Straightforward Linux Clustering

There's the rocks linux distro which is made for clustering, and is based on CentOS/RHEL.

The strong point of rocks is that it'll for the most part manage and do a lot of the minutia for you.

  • It'll do automatic installation and reinstallation, and if your computers can boot via PXE, the initial install will consist of PXE booting your nodes.

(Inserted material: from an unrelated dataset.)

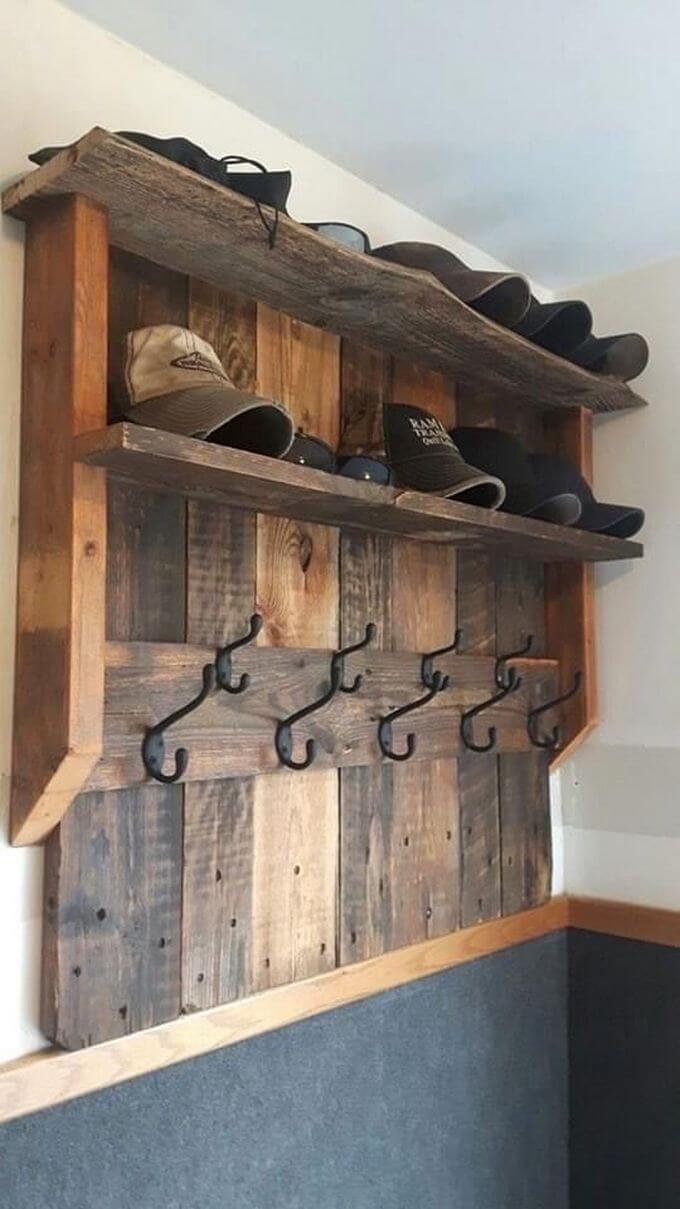 pallet shoe rack with coat hanger 0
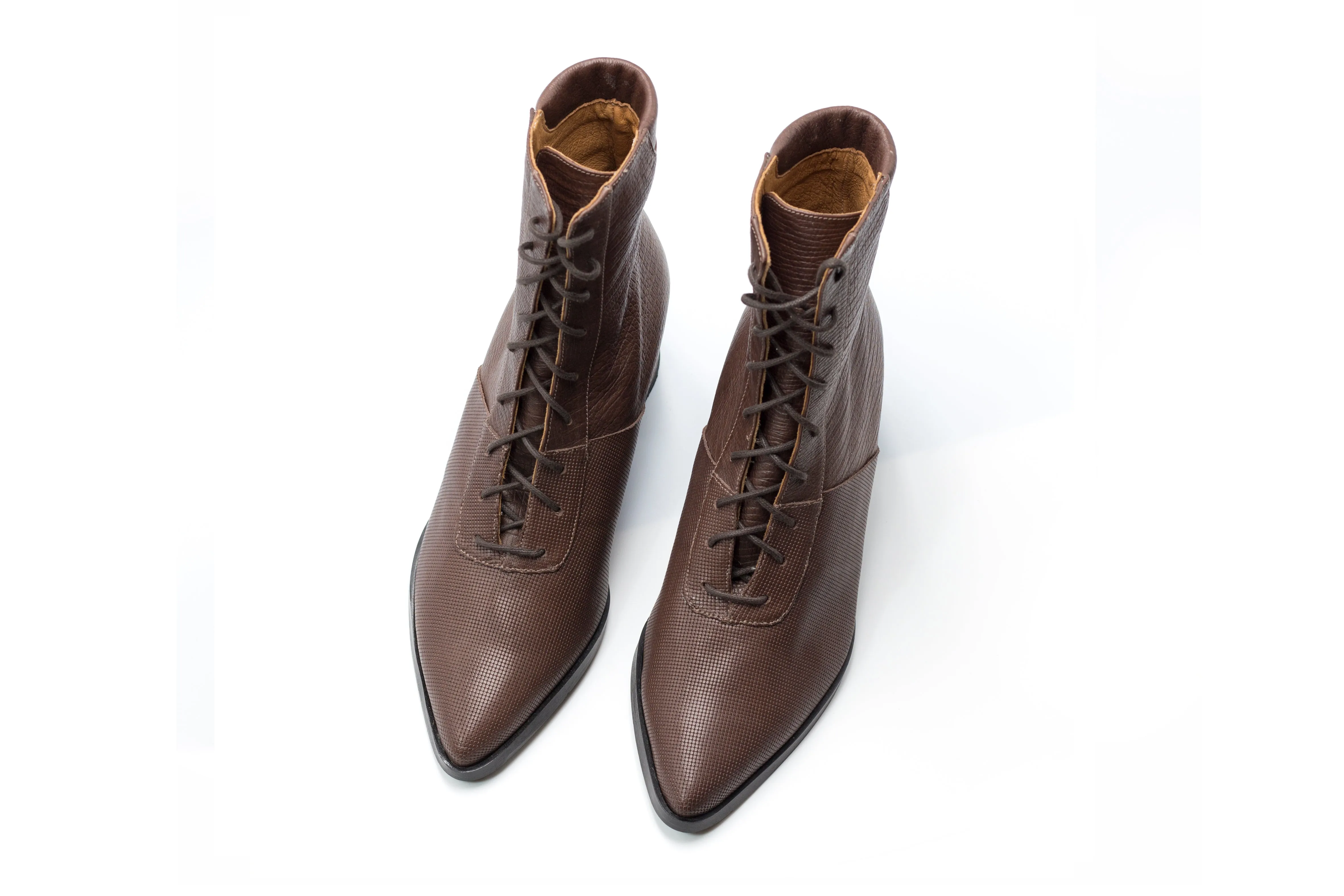 Brown Leather Boots- Koniak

If you have a large number of compute-nodes, they use bittorrent internally for distributing packages, which removes a significant bottleneck for (re)installing the entire thing.
  • It'll give you a very homogeneous compute-environment by default.
  • By default it'll set up and use NFS internally, and there's options for using PVFS2 (which I haven't tried).
  • As for queueing/batch systems, it should set up and manage this for you, by default I think it uses SGE, there's also a roll (their software bundling format) for torque.
  • It'll ensure consistency in users/groups/etc. across your cluster
  • It'll graph resource utilization through ganglia

If I were to dig up downsides

  • Adding/removing software from the compute-nodes involves reinstalling them (although, it does ensure homogeneity).
  • Adding/removing software involves either adding a roll (their way of bundling rpms/appliances), or editing xml-files. However, it's fairly well documented so if you're willing to put some effort into reading the documentation you should be ok. Plus there's a mailing-list if you get stuck.
  • It's based on CentOS/RHEL, which is a little behind "bleeding edge"
  • It'll (mostly) force you to do things "their way", minor changes you might get away with maybe modifying some of the xml-config files, major changes might have to be implemented through making, adding or modifying rolls (their sw/addon format)

We have a small cluster that has openSUSE as its base distro, but I do not think it is too important. Ubuntu looks like a viable alternative and has quite a bit of documentation and community support. On top of linux, we run Sun Grid Engine (and our cluster even includes Mac OS machines pretty seamlessly), but slurm would probably work for a simple setup. We share home directories and /usr/local via NFS from a central server. It works just fine for us. More details are available on our website (via Internet Archive).